**Problem to solve:** Begin at the line below that has "Donald J. Sobol". Stop after the line that has "Seller image for", repeating each line exactly and leaving out the pictures.

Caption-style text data
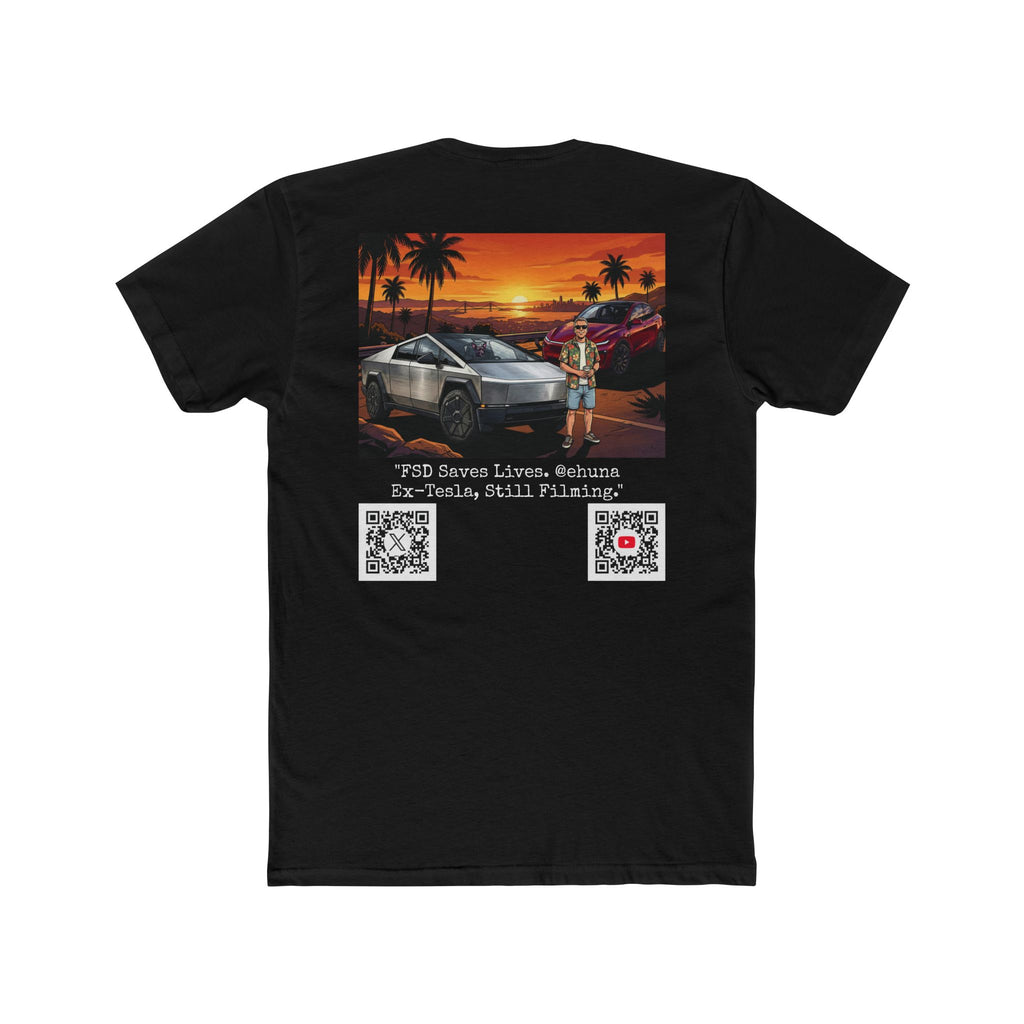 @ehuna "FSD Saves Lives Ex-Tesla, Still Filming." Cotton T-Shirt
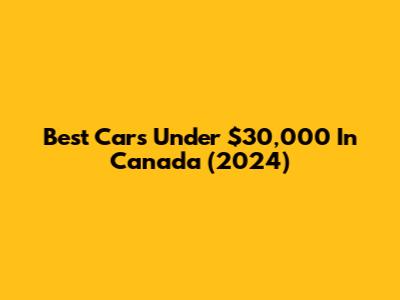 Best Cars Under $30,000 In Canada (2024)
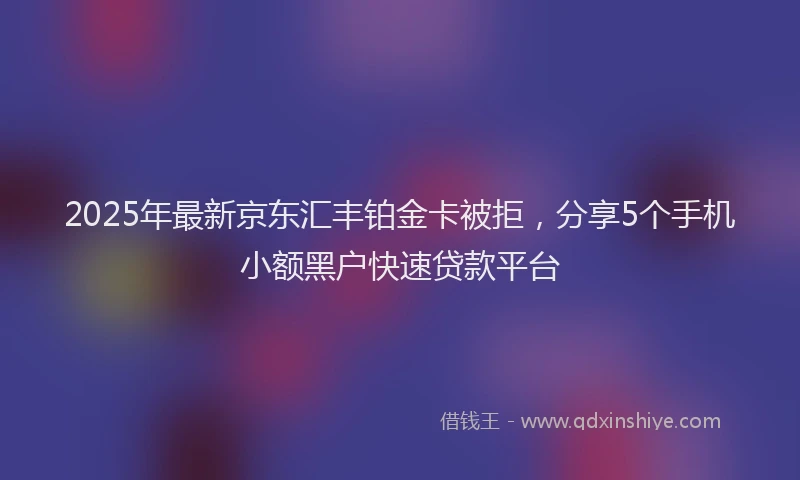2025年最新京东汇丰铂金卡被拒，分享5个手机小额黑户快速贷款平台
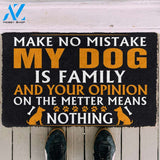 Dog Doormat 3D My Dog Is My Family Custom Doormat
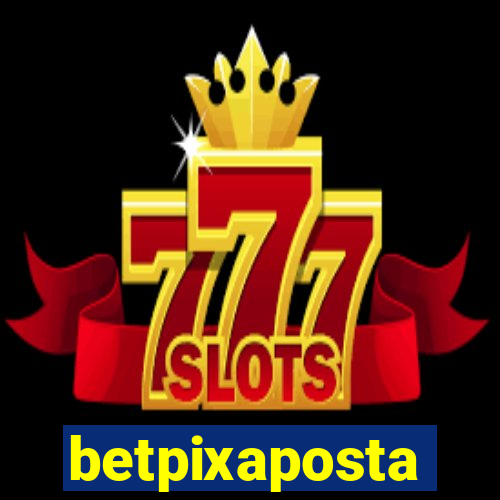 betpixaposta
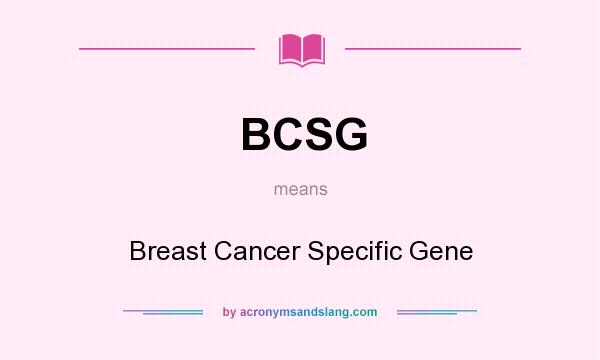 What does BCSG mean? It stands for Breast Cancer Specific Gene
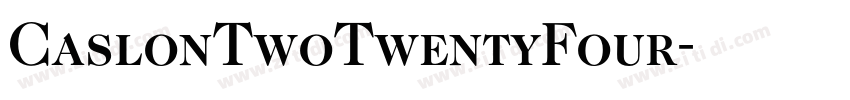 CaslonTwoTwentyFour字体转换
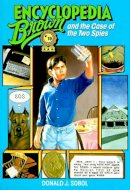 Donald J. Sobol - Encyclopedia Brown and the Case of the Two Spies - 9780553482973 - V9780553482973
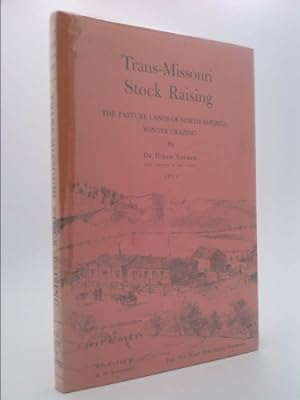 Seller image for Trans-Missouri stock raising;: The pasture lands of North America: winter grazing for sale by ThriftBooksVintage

---

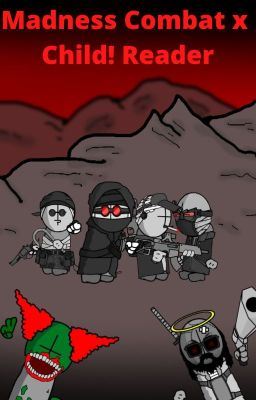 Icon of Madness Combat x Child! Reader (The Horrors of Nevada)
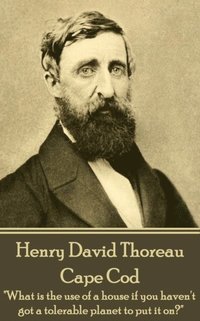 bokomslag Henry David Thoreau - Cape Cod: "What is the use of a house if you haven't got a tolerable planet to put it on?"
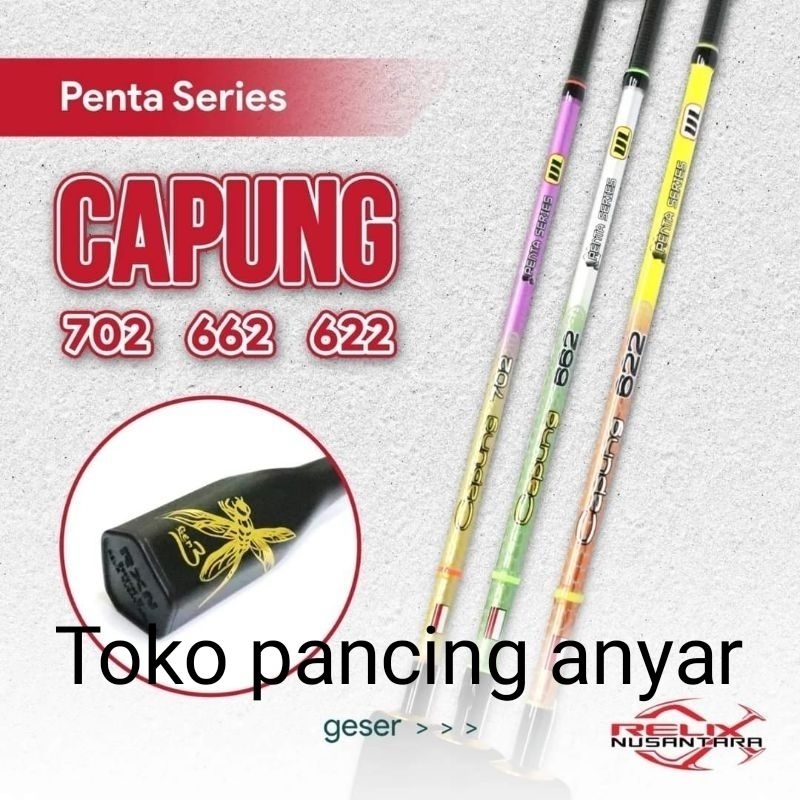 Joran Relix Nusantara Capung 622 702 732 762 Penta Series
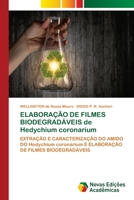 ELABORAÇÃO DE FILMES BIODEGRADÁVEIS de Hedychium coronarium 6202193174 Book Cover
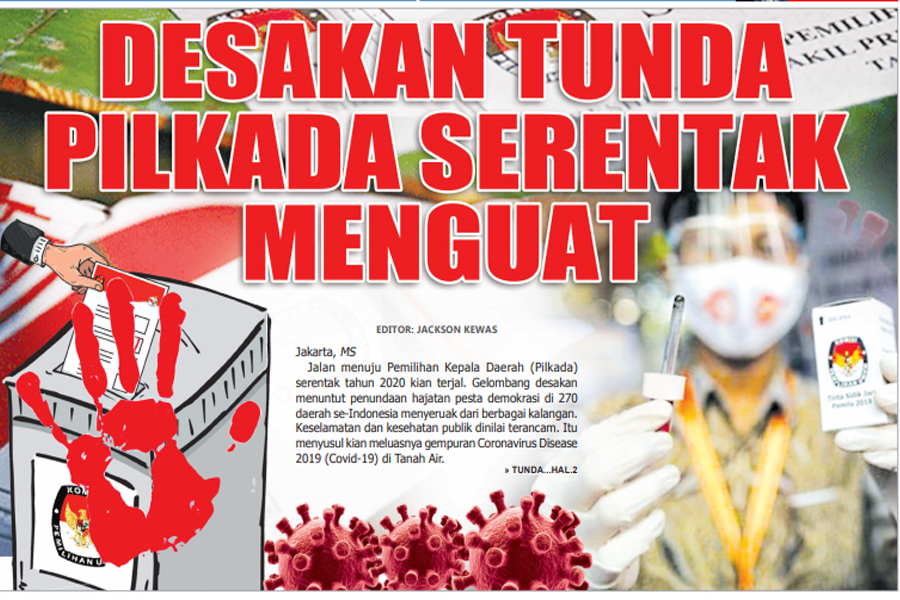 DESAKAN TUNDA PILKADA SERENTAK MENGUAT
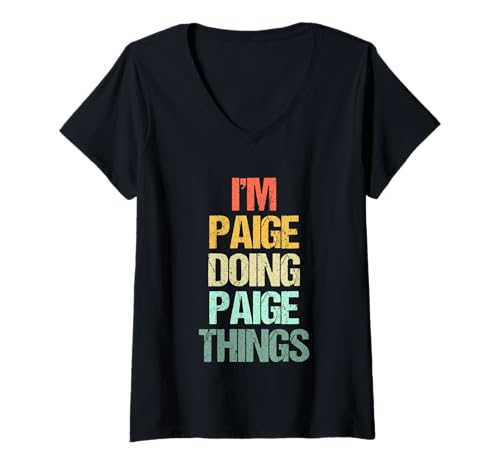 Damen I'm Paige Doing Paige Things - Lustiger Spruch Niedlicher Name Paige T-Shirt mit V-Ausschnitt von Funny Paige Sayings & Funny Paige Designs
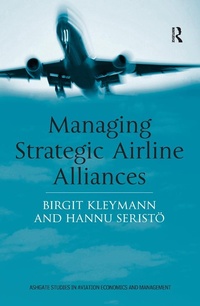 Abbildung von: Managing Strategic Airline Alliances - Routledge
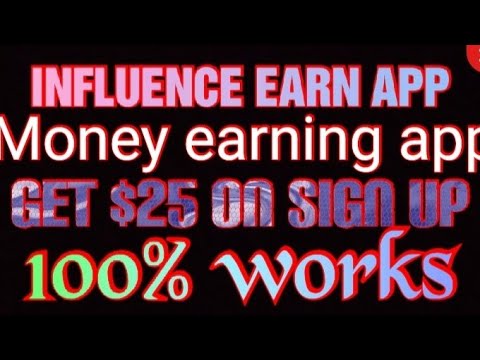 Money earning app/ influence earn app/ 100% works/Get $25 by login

**Response to this exercise:**
 Donald J. Sobol - Encyclopedia Brown and the Case of the Two Spies - 9780553482973 - V9780553482973
 Seller image for Trans-Missouri stock raising;: The pasture lands of North America: winter grazing for sale by ThriftBooksVintage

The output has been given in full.